Task goal: This exercise calls for all the entries that follow to be set down exactly, without their images.

Start of Data for review

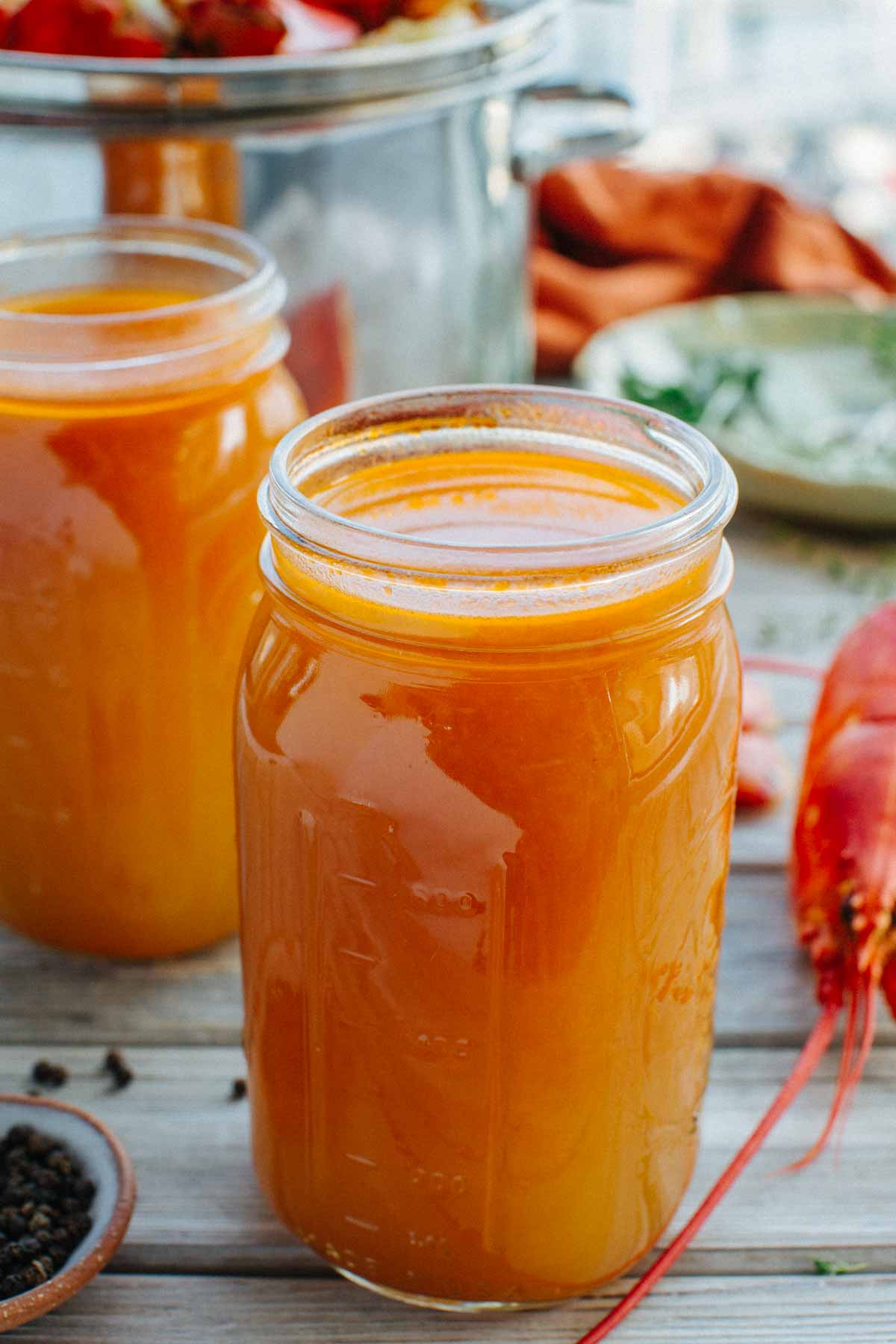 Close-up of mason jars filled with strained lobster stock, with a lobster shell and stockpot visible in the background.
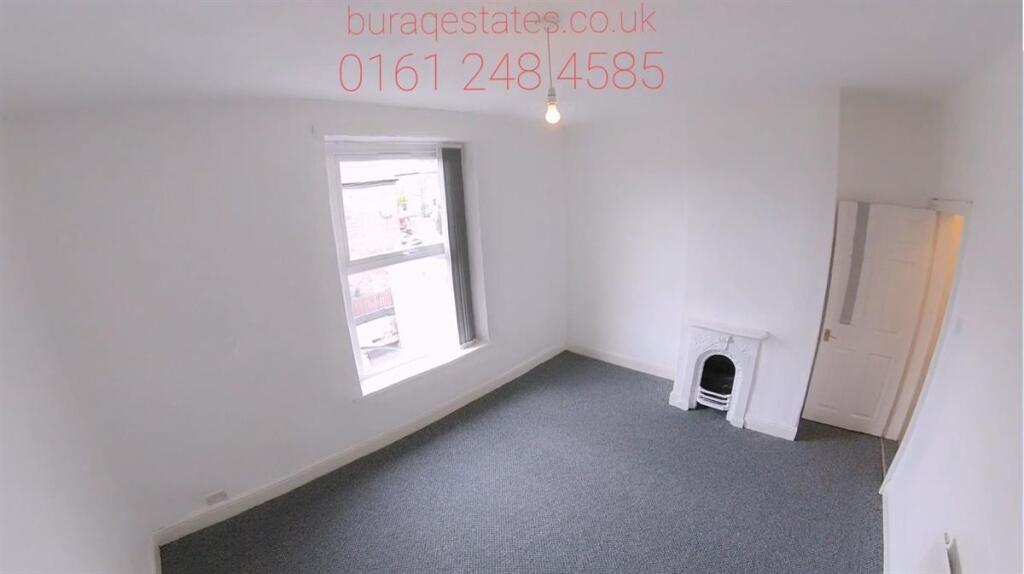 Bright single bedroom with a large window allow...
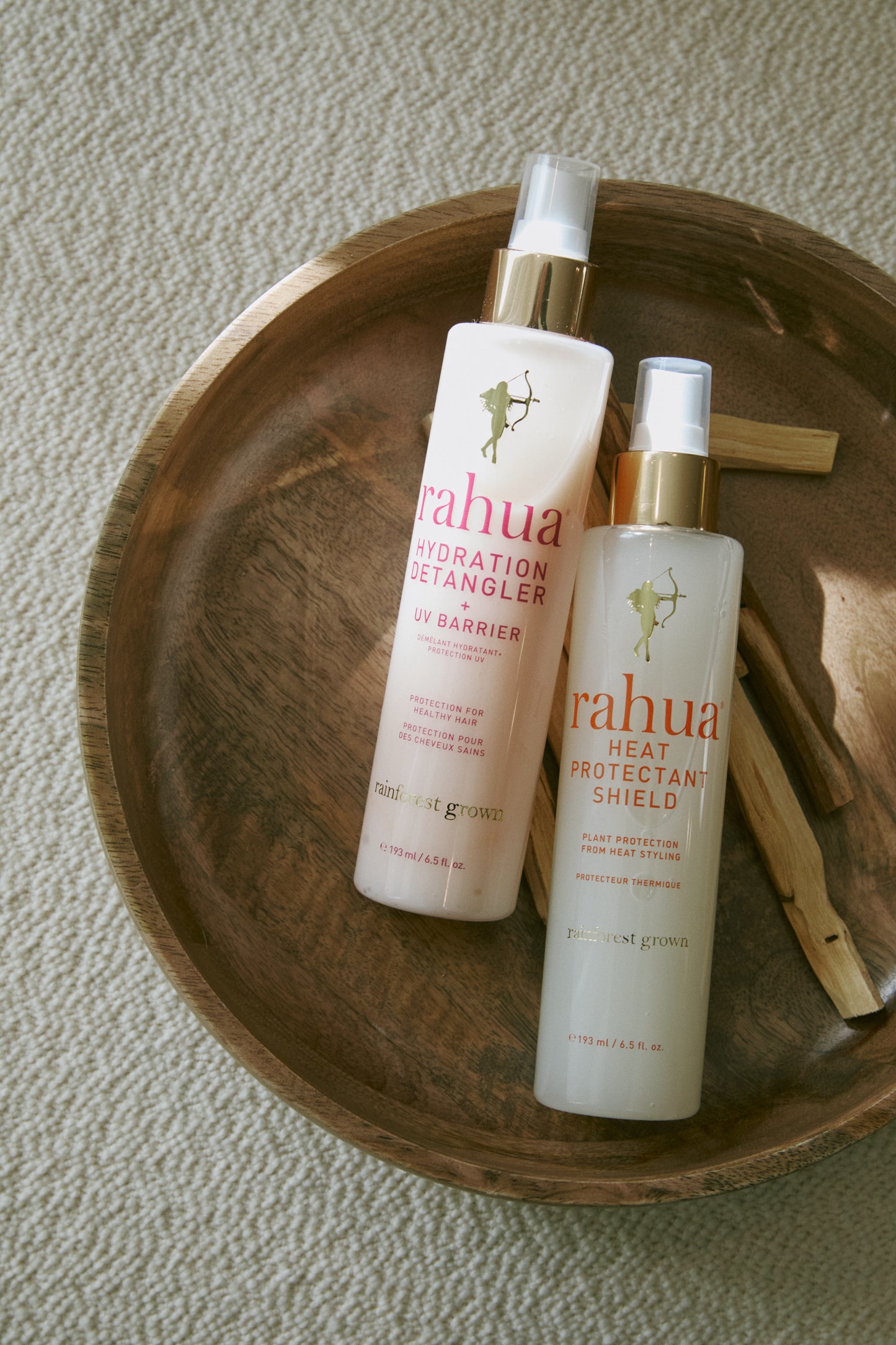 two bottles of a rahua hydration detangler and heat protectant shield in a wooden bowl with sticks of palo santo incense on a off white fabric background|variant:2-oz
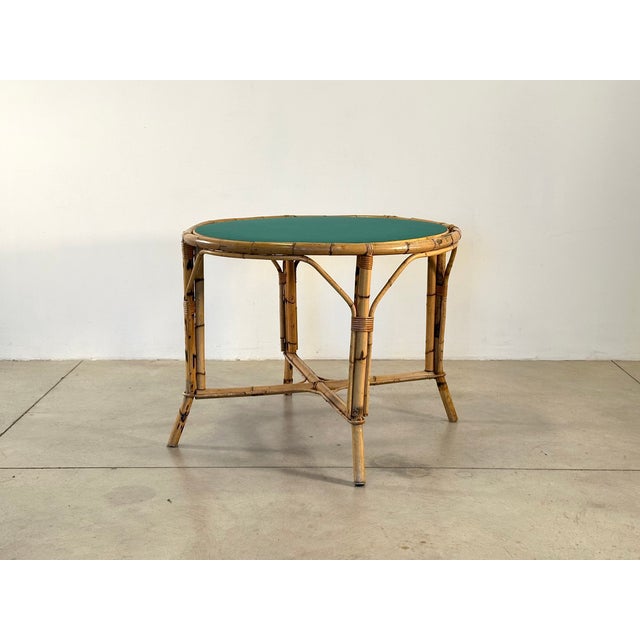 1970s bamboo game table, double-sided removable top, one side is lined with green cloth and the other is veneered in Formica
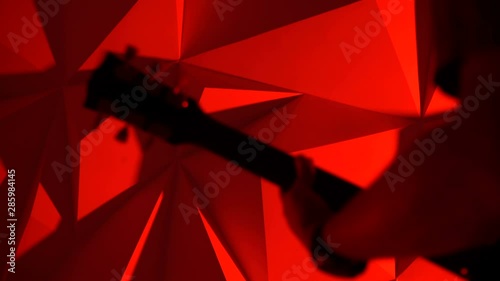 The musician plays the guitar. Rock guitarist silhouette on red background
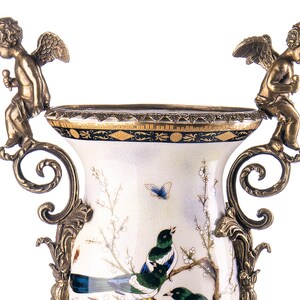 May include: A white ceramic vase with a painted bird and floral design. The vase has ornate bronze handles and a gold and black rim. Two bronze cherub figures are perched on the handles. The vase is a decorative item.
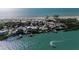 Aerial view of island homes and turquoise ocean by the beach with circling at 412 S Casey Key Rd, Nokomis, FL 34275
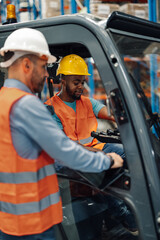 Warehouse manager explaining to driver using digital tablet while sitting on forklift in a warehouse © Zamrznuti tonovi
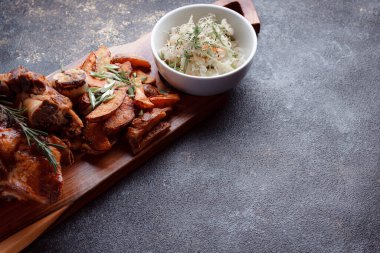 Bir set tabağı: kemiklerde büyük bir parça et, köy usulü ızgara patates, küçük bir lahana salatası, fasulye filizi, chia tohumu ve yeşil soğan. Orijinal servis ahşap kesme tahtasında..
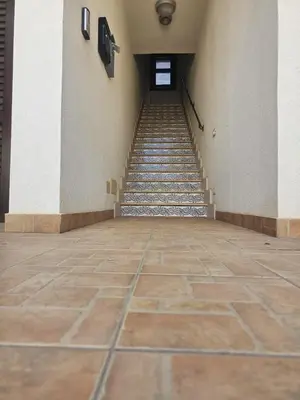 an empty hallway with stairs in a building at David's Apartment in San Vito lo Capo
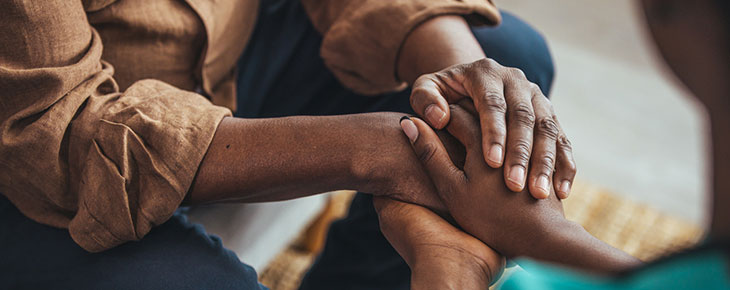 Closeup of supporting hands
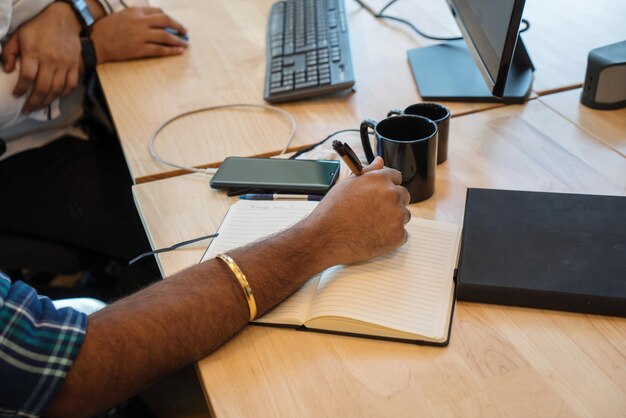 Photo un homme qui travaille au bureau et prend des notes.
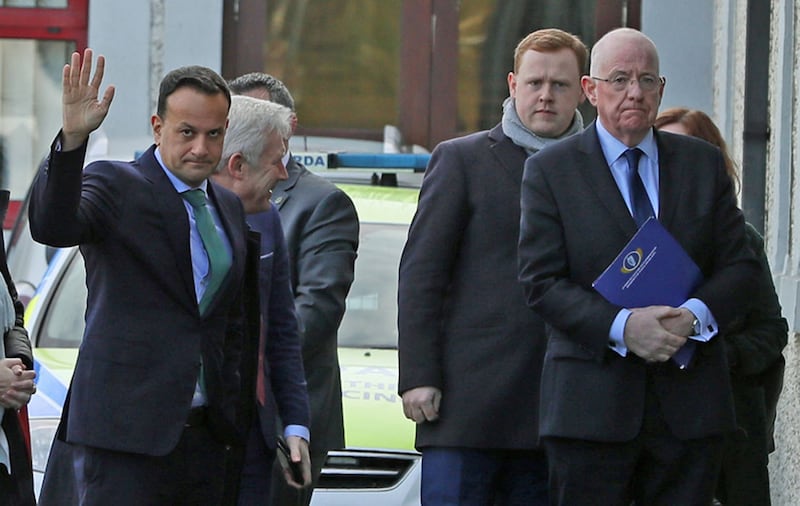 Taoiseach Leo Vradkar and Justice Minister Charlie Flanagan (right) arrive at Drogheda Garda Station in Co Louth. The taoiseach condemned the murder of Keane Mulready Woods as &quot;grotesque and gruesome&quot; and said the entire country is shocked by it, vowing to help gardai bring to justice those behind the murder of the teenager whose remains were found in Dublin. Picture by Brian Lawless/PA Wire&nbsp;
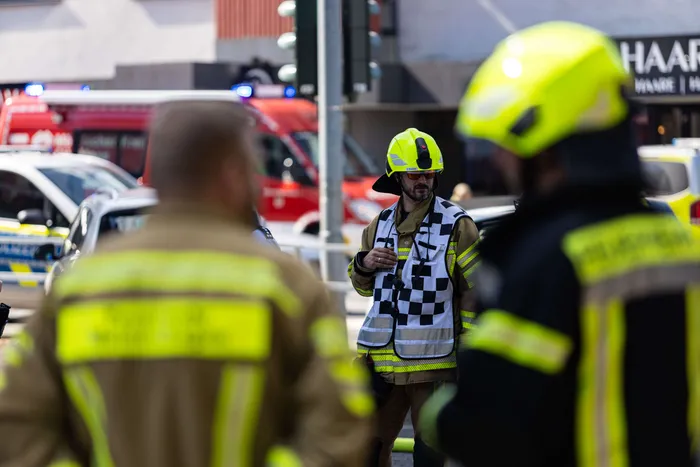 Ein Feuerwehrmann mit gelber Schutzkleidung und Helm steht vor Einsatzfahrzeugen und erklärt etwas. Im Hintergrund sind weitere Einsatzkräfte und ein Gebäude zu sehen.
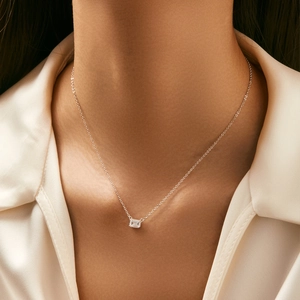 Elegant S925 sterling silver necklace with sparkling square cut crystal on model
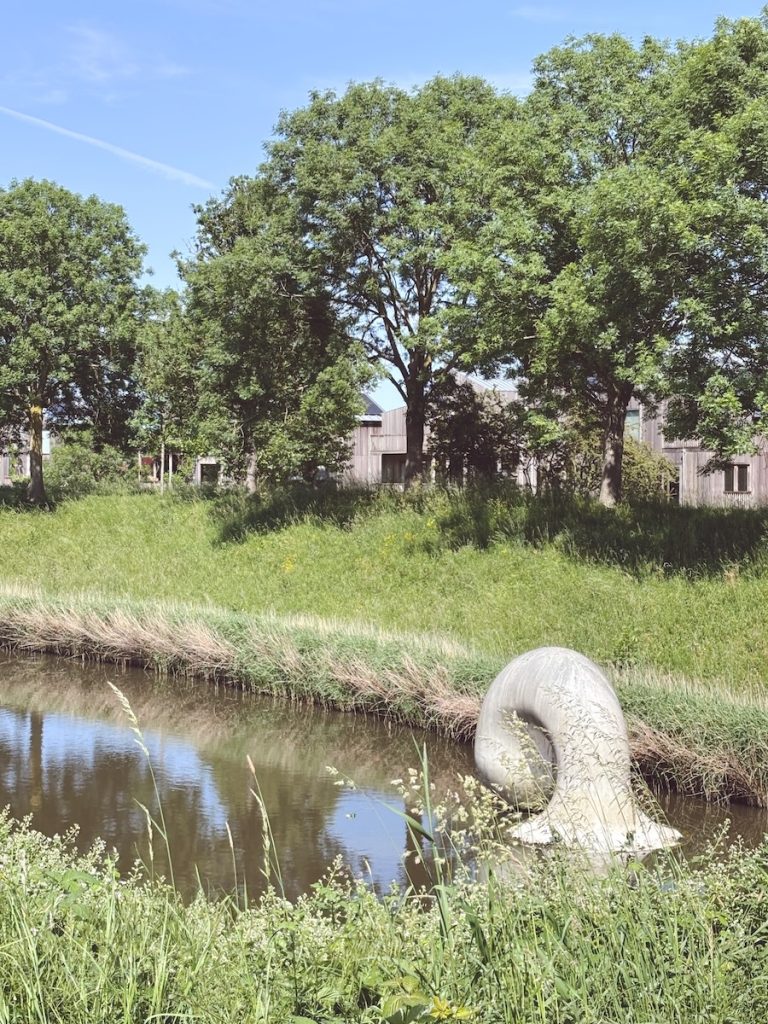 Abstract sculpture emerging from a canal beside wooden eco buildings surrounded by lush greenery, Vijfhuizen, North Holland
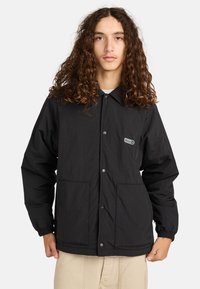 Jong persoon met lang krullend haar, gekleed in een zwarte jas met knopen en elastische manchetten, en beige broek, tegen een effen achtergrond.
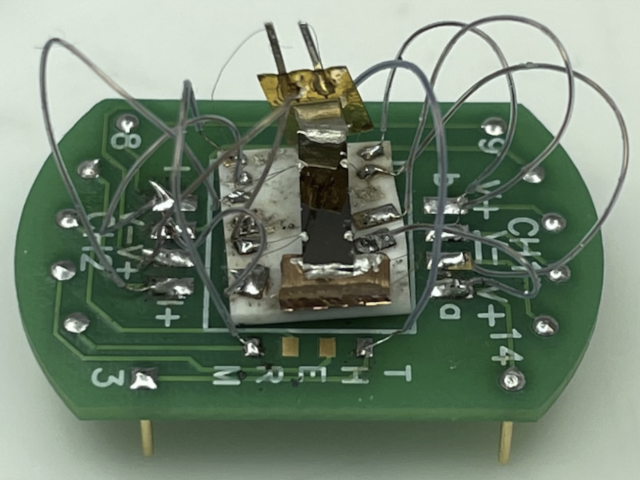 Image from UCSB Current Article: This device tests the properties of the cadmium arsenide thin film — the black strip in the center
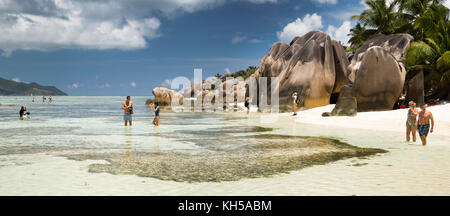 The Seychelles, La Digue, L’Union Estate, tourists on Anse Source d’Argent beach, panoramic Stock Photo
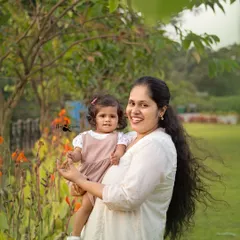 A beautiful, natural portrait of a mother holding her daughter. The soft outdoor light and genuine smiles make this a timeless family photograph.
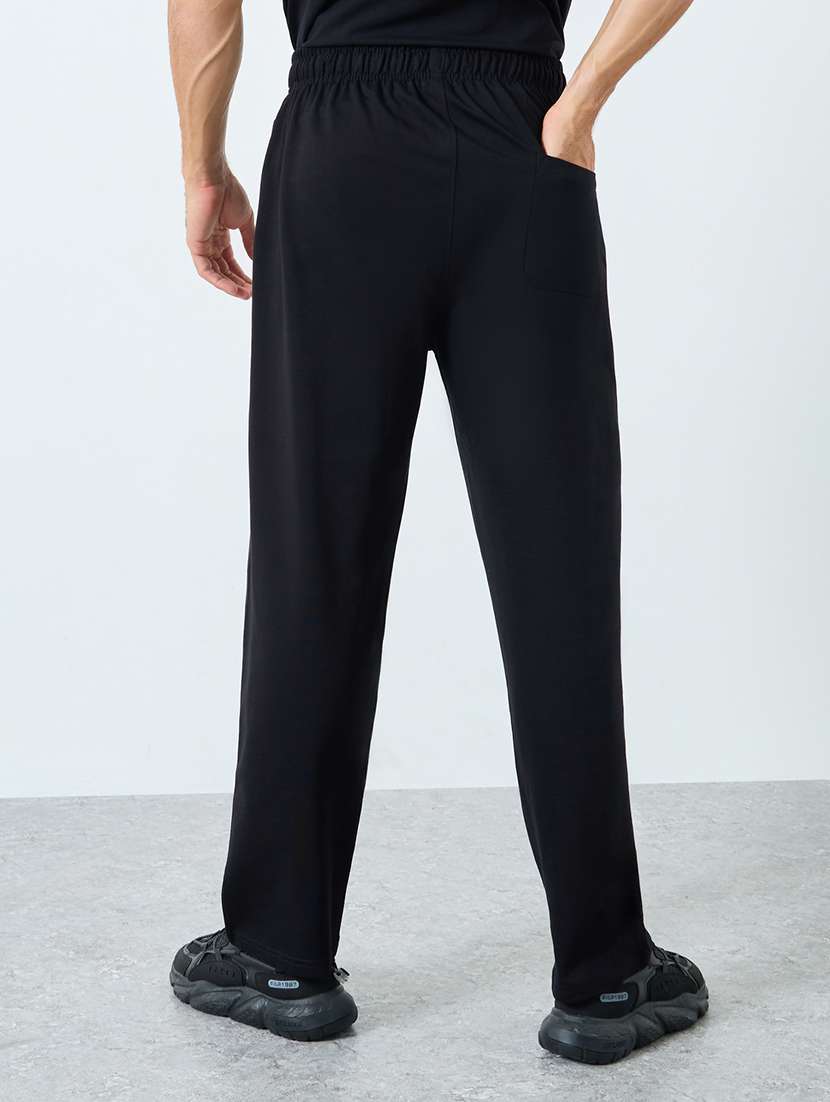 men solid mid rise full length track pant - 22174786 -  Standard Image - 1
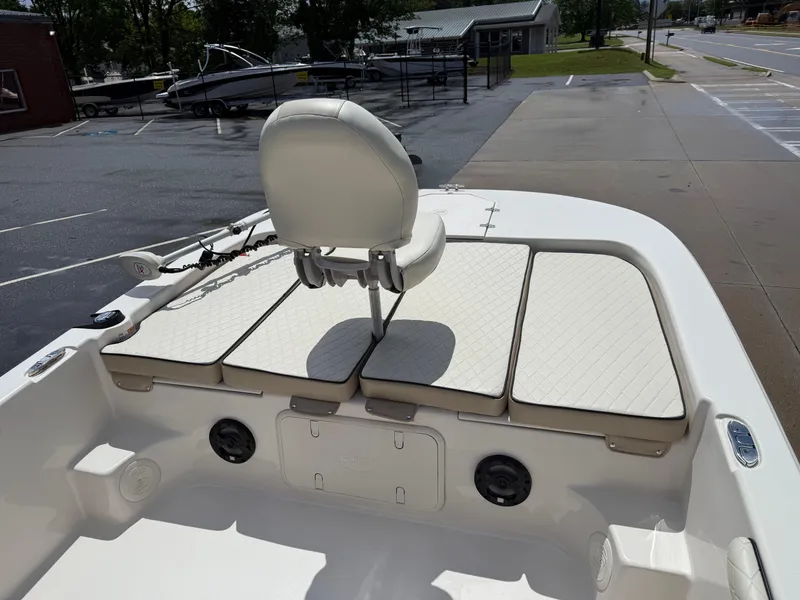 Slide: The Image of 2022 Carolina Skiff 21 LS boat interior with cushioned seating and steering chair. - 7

End of Data for review

Exercise output:
 Close-up of mason jars filled with strained lobster stock, with a lobster shell and stockpot visible in the background.
 Bright single bedroom with a large window allow...
 two bottles of a rahua hydration detangler and heat protectant shield in a wooden bowl with sticks of palo santo incense on a off white fabric background|variant:2-oz
 1970s bamboo game table, double-sided removable top, one side is lined with green cloth and the other is veneered in Formica
 The musician plays the guitar. Rock guitarist silhouette on red background
 May include: A white ceramic vase with a painted bird and floral design. The vase has ornate bronze handles and a gold and black rim. Two bronze cherub figures are perched on the handles. The vase is a decorative item.
 Aerial view of island homes and turquoise ocean by the beach with circling at 412 S Casey Key Rd, Nokomis, FL 34275
 Warehouse manager explaining to driver using digital tablet while sitting on forklift in a warehouse © Zamrznuti tonovi
 Bir set tabağı: kemiklerde büyük bir parça et, köy usulü ızgara patates, küçük bir lahana salatası, fasulye filizi, chia tohumu ve yeşil soğan. Orijinal servis ahşap kesme tahtasında..
 an empty hallway with stairs in a building at David's Apartment in San Vito lo Capo
 Closeup of supporting hands
 Photo un homme qui travaille au bureau et prend des notes.
 Taoiseach Leo Vradkar and Justice Minister Charlie Flanagan (right) arrive at Drogheda Garda Station in Co Louth. The taoiseach condemned the murder of Keane Mulready Woods as &quot;grotesque and gruesome&quot; and said the entire country is shocked by it, vowing to help gardai bring to justice those behind the murder of the teenager whose remains were found in Dublin. Picture by Brian Lawless/PA Wire&nbsp;
 Ein Feuerwehrmann mit gelber Schutzkleidung und Helm steht vor Einsatzfahrzeugen und erklärt etwas. Im Hintergrund sind weitere Einsatzkräfte und ein Gebäude zu sehen.
 Elegant S925 sterling silver necklace with sparkling square cut crystal on model
 Abstract sculpture emerging from a canal beside wooden eco buildings surrounded by lush greenery, Vijfhuizen, North Holland
 Jong persoon met lang krullend haar, gekleed in een zwarte jas met knopen en elastische manchetten, en beige broek, tegen een effen achtergrond.
 Image from UCSB Current Article: This device tests the properties of the cadmium arsenide thin film — the black strip in the center
 The Seychelles, La Digue, L’Union Estate, tourists on Anse Source d’Argent beach, panoramic Stock Photo
 A beautiful, natural portrait of a mother holding her daughter. The soft outdoor light and genuine smiles make this a timeless family photograph.
 men solid mid rise full length track pant - 22174786 -  Standard Image - 1
 Slide: The Image of 2022 Carolina Skiff 21 LS boat interior with cushioned seating and steering chair. - 7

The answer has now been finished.